**Dataset content**
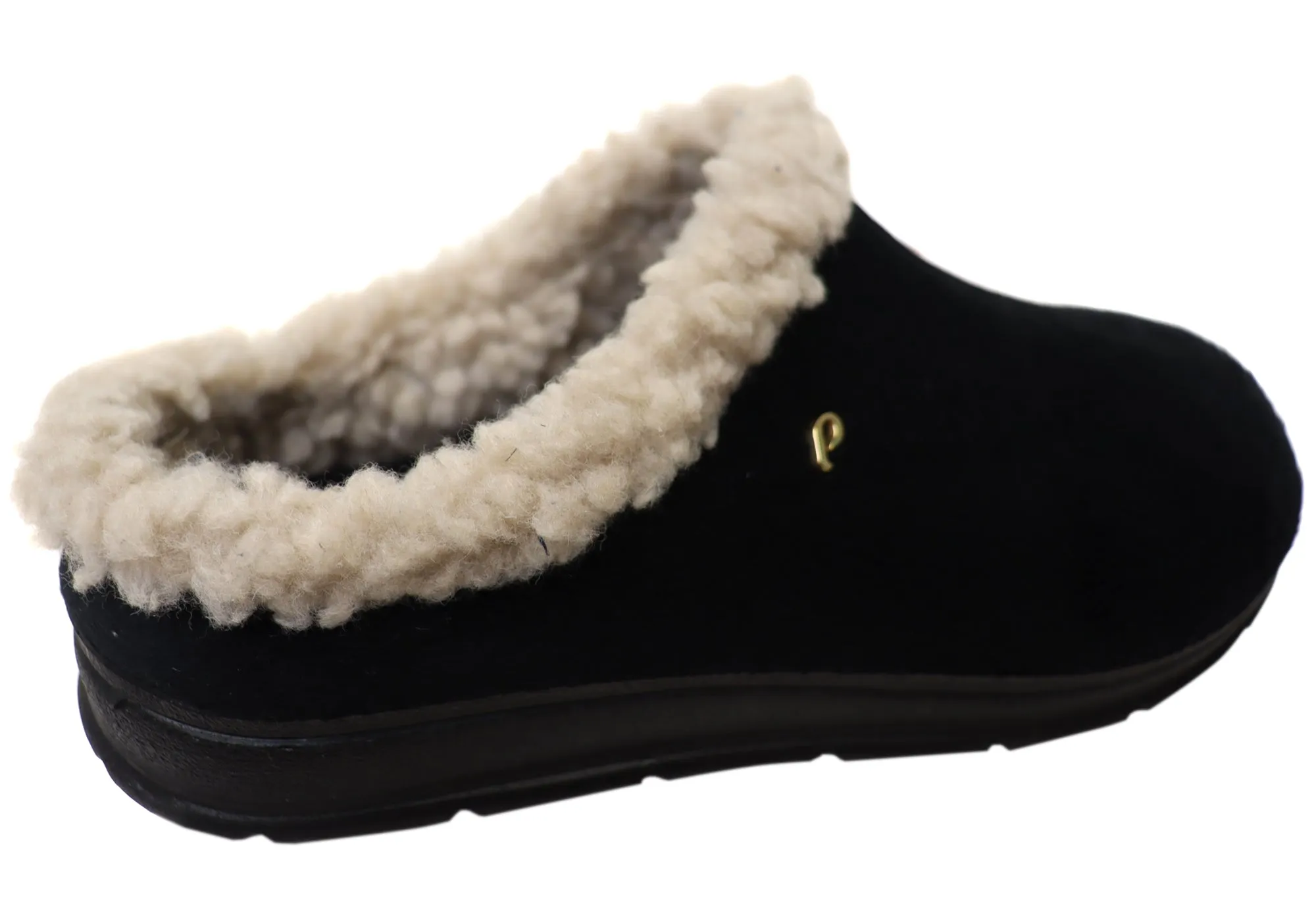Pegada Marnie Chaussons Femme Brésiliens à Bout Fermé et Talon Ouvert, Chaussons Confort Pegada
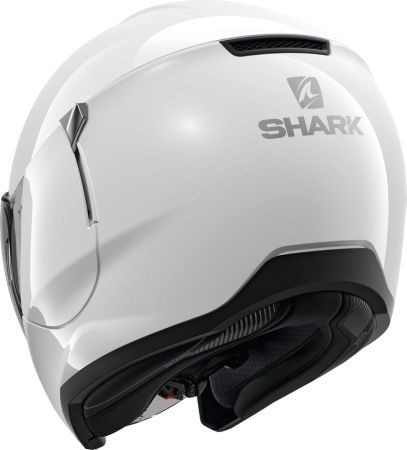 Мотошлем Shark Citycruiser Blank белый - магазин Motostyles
---
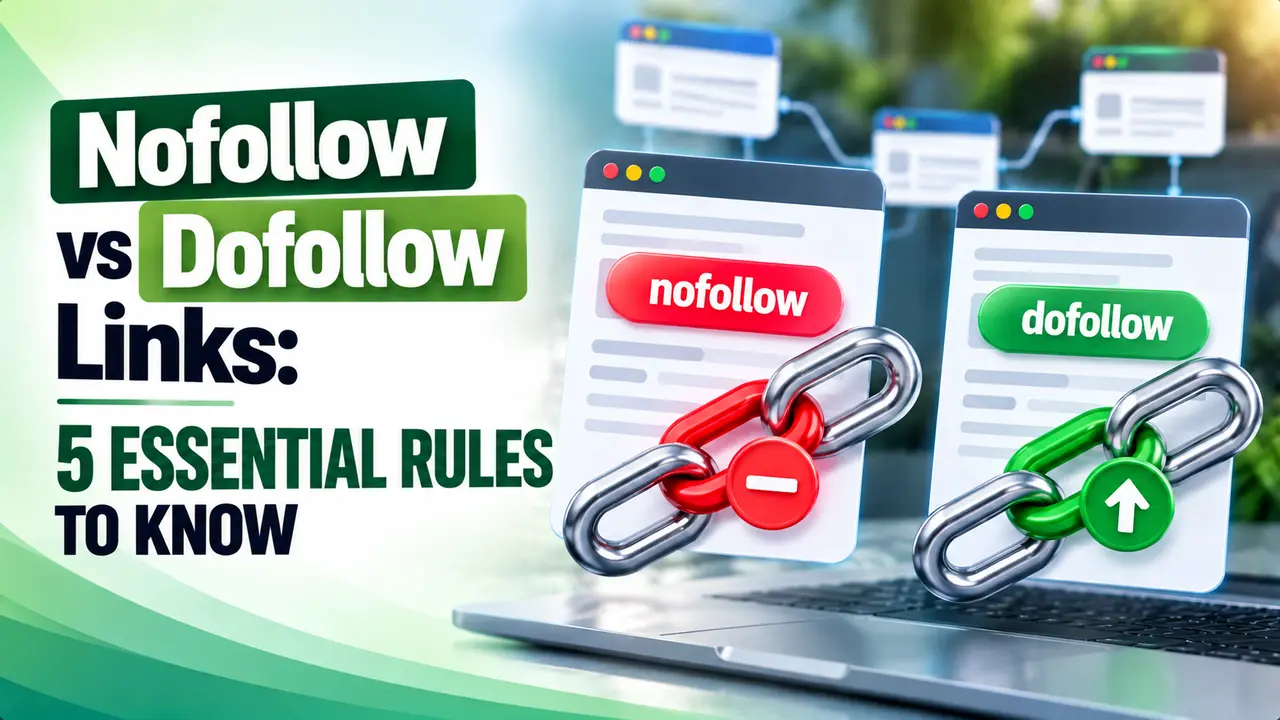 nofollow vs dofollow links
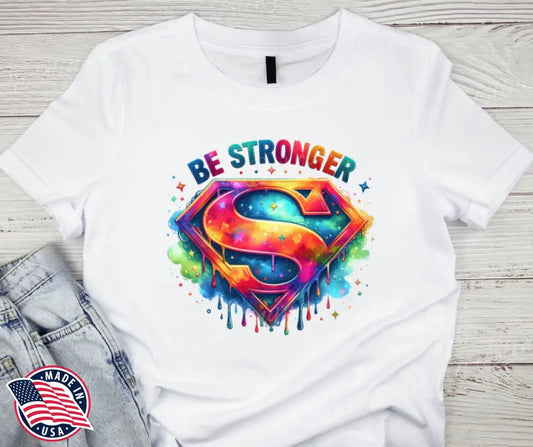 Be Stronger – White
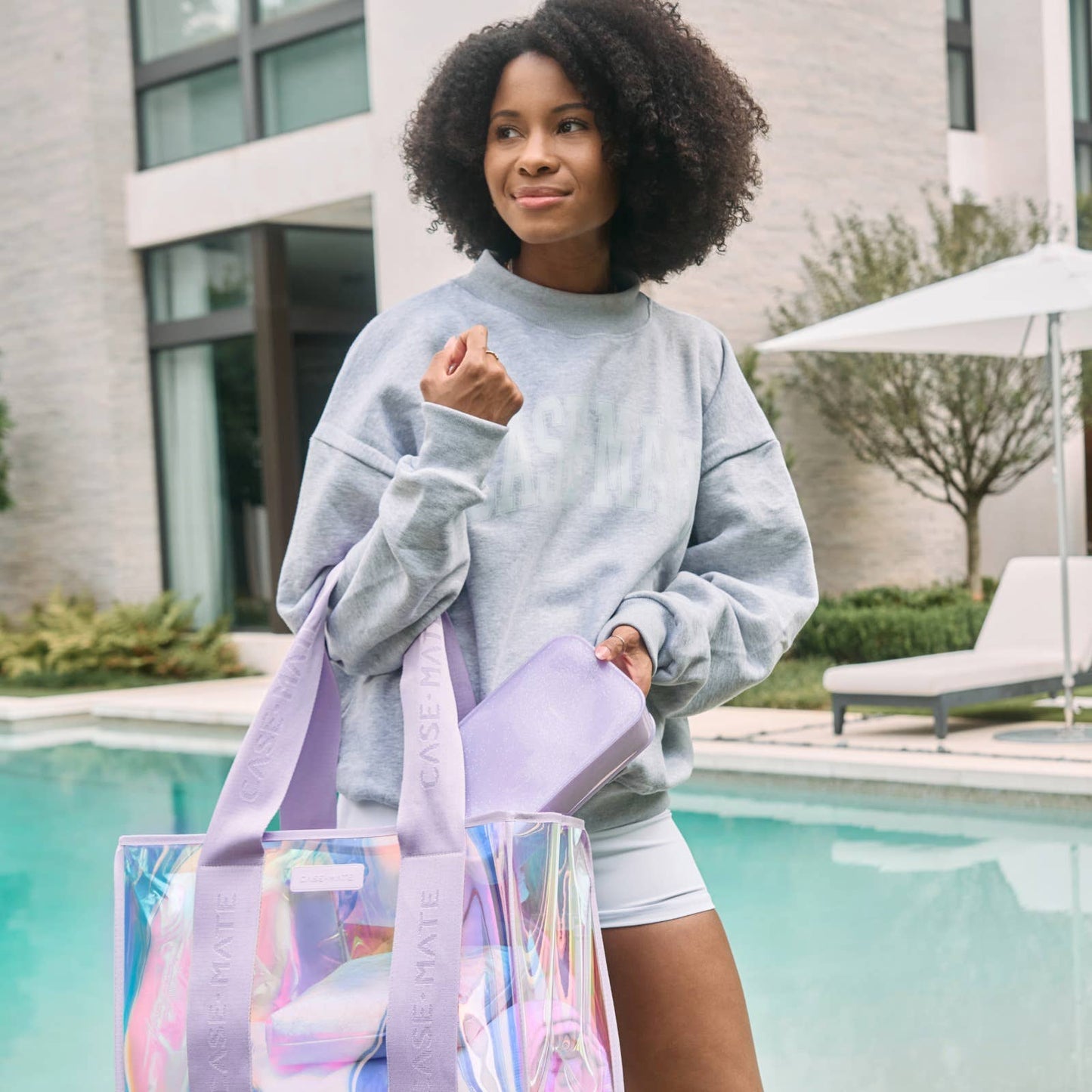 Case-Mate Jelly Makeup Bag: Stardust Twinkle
...
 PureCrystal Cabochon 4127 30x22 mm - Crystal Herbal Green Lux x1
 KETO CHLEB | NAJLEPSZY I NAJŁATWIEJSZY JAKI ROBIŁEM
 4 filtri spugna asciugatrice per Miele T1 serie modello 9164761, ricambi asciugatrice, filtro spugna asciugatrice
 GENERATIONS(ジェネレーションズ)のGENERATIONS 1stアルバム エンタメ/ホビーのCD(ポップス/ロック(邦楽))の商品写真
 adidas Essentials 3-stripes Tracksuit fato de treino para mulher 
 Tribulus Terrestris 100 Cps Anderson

**About this task**
Taking the entries above, restate exactly those lines that fall between the line with "adidas Essentials 3-stripes" and the line with "Tribulus Terrestris 100 Cps Anderson", keeping both of those lines too.

**Exercise response**
 adidas Essentials 3-stripes Tracksuit fato de treino para mulher 
 Tribulus Terrestris 100 Cps Anderson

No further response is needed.